The researchers developed the RGBD-human dataset to evaluate their algorithm. This collection contains specific indoor scenes designed to test detection performance against existing benchmarks, providing a standardized environment that differs from previous public datasets used in earlier studies.

The authors constructed a depth feature pyramid by incorporating contextual information. This technical necessity allows the network to combine multiscale depth features, which is required to improve adaptability for targets of different sizes, unlike simpler architectures that lack multiscale processing capabilities.

The adaptive channel weighting module functions to weight RGB-D feature channels. This component plays a role in efficient feature selection and information complementation, ensuring the network focuses on the most informative data streams rather than treating all inputs with equal importance.

The researchers measured performance by testing the network against state-of-the-art methods.
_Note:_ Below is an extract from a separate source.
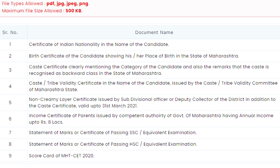The seventh document is your tenth mark sheet, the eighth is your twelfth mark sheet, and the ninth is your MHT-CET scorecard. If you are from outside Maharashtra and have migrated from somewhere, you will also require a migration certificate.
They observed that their model maintains stable detection rates under frequent occlusion, low illumination, and multiple poses, demonstrating higher robustness than the baseline approaches tested in the study.

The authors propose that their asymmetric fusion strategy reduces the complexity typically associated with two-stream networks. They claim this approach provides a more efficient alternative to standard architectures while simultaneously enhancing the ability to handle complex indoor visual scenarios.